11.0: Wrap-up

Nice job! This was a long tutorial and hopefully you learned a lot form it.

A 'social media' site is obviously a huge undertaking. We have some functionality built out - but, there is a lot of room to experiment, change things you didn't like, add new features you'd like to see, etc.

Trying to implement your own features will be a great way to learn. Hopefully, the tutorial showed you the process of implementing a feature and you feel comfortable to try it out yourself. You may have some ideas, but if you need something to get started:

  • The site is not very responsive and there are a lot of front-end improvements that could be made. If you have an eye for design and this is something you can enjoy - this would be a great way to improve the site.

  • A 'news feed'. Right now users are 'following' other users - but, there's not much going on for them to follow. You could add functionality for Users to be able to make posts that show up in the news feed of the Users following them.

  • You could also play around with the GitHub API. There's quite a lot that could be added to the app from there. Users could enter their GitHub handle on registration, and you could have their activity on GitHub show up in a newsfeed, for example.

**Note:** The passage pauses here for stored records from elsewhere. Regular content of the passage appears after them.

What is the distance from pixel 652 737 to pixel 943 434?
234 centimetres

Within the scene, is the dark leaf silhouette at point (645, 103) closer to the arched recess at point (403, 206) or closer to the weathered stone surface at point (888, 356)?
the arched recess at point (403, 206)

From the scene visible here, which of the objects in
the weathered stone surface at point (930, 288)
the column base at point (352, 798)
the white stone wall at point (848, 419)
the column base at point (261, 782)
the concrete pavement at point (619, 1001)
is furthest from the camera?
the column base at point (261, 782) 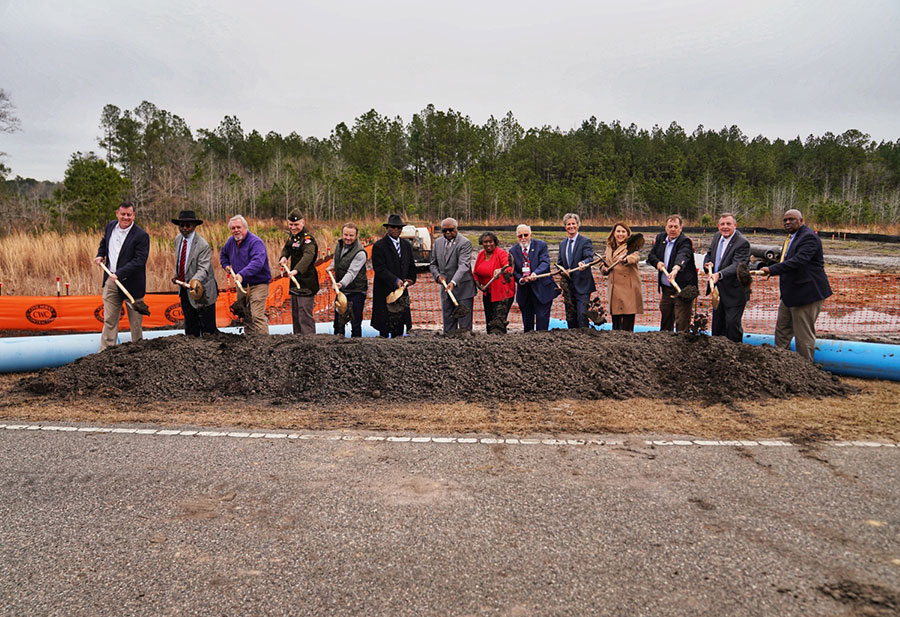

  • Real-time messaging. Right now, we have a somewhat interesting messaging system. The problem is, messages that a user sends show up immediately - but, messages sent by another user will not show up for the recipient until the page is refreshed. Not a great user experience. You could consider hosting the messaging portion of the application on another database like Firebase. You could also use the same backend and use Microsoft's SignalR though, at the time of writing - it's still experimental for ASP.NET Core.